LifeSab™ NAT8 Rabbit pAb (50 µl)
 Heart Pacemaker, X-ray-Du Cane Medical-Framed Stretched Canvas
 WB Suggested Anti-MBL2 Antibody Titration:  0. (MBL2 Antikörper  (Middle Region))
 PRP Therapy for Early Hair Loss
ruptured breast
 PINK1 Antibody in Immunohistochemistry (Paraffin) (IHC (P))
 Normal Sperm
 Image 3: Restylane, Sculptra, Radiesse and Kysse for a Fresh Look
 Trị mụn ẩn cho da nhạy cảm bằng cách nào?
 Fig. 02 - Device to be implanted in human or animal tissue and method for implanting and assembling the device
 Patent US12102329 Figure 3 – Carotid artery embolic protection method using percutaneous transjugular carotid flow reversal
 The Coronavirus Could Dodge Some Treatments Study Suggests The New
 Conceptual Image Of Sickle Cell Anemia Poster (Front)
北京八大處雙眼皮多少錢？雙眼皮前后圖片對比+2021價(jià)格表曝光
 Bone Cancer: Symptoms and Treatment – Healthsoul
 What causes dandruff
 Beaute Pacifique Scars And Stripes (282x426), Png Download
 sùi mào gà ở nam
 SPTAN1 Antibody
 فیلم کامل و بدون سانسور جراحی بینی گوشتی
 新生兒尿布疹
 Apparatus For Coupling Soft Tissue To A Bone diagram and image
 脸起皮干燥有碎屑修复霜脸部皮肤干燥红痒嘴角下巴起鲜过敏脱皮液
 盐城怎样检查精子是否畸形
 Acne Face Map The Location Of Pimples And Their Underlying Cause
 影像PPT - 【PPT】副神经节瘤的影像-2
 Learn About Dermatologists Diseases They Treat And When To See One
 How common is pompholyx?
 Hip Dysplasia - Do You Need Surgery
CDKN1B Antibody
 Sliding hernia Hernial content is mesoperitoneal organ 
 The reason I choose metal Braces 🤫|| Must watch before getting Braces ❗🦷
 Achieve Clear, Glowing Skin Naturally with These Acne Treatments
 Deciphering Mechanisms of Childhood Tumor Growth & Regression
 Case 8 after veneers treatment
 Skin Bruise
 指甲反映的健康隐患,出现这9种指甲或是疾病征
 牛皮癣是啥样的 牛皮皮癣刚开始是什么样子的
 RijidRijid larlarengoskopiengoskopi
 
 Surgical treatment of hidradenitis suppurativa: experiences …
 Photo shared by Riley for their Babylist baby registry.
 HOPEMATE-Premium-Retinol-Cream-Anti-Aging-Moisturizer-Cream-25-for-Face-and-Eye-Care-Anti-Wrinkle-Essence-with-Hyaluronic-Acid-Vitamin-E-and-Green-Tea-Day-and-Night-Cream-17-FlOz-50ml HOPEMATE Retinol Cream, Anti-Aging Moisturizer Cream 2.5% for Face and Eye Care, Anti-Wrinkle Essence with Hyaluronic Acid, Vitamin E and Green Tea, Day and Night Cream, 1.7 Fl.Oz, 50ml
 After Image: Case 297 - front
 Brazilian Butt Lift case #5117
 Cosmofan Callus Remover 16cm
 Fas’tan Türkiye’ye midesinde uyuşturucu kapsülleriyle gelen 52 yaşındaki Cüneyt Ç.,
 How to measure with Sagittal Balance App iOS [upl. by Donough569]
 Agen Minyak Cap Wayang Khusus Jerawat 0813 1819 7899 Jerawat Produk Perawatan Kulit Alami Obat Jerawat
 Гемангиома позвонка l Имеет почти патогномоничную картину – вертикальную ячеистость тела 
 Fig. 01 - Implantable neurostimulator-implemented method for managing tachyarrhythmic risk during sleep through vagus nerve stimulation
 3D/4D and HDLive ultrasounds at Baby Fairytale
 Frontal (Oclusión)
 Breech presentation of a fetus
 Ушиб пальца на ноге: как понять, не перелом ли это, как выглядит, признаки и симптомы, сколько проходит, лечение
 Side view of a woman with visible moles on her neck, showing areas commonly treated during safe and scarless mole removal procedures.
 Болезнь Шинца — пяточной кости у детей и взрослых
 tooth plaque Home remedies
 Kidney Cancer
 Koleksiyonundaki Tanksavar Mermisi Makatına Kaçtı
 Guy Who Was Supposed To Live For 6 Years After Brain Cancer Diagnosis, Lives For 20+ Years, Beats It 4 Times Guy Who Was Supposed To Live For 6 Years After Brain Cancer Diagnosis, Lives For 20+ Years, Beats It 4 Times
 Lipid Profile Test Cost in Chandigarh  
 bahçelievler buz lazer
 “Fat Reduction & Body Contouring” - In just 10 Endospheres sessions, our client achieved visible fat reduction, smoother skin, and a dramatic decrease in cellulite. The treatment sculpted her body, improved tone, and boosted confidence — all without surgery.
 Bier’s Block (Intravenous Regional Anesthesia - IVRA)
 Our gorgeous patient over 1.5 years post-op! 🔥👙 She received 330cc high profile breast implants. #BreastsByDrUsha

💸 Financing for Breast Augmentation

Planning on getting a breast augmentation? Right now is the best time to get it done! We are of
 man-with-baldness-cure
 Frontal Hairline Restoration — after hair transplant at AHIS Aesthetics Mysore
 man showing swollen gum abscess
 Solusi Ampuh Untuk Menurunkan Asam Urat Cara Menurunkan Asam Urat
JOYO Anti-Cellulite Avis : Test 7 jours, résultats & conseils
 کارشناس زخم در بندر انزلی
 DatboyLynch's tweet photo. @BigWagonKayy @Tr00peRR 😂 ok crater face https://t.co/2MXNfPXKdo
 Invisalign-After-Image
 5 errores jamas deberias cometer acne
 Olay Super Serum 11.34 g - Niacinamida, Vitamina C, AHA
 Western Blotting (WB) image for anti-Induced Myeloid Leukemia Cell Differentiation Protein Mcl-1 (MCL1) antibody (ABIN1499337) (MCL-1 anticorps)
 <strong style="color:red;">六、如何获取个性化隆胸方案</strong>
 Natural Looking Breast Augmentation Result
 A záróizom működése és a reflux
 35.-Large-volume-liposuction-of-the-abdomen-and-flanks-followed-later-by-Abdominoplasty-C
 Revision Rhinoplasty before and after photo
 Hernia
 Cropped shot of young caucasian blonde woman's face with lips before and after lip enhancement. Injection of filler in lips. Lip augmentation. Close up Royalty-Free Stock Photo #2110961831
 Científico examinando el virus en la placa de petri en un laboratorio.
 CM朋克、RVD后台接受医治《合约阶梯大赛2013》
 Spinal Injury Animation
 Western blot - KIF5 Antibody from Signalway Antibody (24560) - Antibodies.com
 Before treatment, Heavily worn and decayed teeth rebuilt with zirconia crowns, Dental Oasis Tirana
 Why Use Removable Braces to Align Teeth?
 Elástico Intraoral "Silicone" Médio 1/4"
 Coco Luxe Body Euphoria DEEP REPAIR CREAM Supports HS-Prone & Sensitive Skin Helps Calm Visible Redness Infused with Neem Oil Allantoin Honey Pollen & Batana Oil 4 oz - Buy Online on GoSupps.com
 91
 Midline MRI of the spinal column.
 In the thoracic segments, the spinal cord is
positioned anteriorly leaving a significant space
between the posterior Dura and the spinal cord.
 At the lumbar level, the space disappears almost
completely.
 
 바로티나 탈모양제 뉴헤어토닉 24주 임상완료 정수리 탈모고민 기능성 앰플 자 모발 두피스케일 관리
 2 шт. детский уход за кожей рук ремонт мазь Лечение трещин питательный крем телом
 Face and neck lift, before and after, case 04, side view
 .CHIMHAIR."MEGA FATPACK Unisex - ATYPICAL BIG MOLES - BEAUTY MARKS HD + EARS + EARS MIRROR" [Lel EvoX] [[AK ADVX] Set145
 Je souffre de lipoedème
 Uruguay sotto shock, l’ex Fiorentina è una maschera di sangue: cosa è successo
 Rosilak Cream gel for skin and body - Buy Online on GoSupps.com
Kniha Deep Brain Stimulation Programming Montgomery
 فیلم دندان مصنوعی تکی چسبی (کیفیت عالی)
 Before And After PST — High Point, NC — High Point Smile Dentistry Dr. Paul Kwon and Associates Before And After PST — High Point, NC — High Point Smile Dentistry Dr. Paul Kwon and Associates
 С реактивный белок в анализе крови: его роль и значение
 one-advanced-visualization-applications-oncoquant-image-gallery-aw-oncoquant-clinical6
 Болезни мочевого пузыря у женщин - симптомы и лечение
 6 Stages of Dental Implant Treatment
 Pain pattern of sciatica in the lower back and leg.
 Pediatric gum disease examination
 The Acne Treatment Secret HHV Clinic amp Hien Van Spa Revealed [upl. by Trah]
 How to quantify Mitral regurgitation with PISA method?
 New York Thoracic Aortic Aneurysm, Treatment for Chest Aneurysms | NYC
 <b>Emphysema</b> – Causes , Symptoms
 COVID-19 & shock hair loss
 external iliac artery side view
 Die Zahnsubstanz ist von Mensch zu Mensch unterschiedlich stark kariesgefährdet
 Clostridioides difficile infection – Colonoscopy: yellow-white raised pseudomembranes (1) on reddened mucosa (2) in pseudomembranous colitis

# # # # # # #

**REQUIRED ACTION:** Line count for the string "woman": state how many lines in the data contain it, and output nothing else.

**OUTPUT OF THE TASK:** 2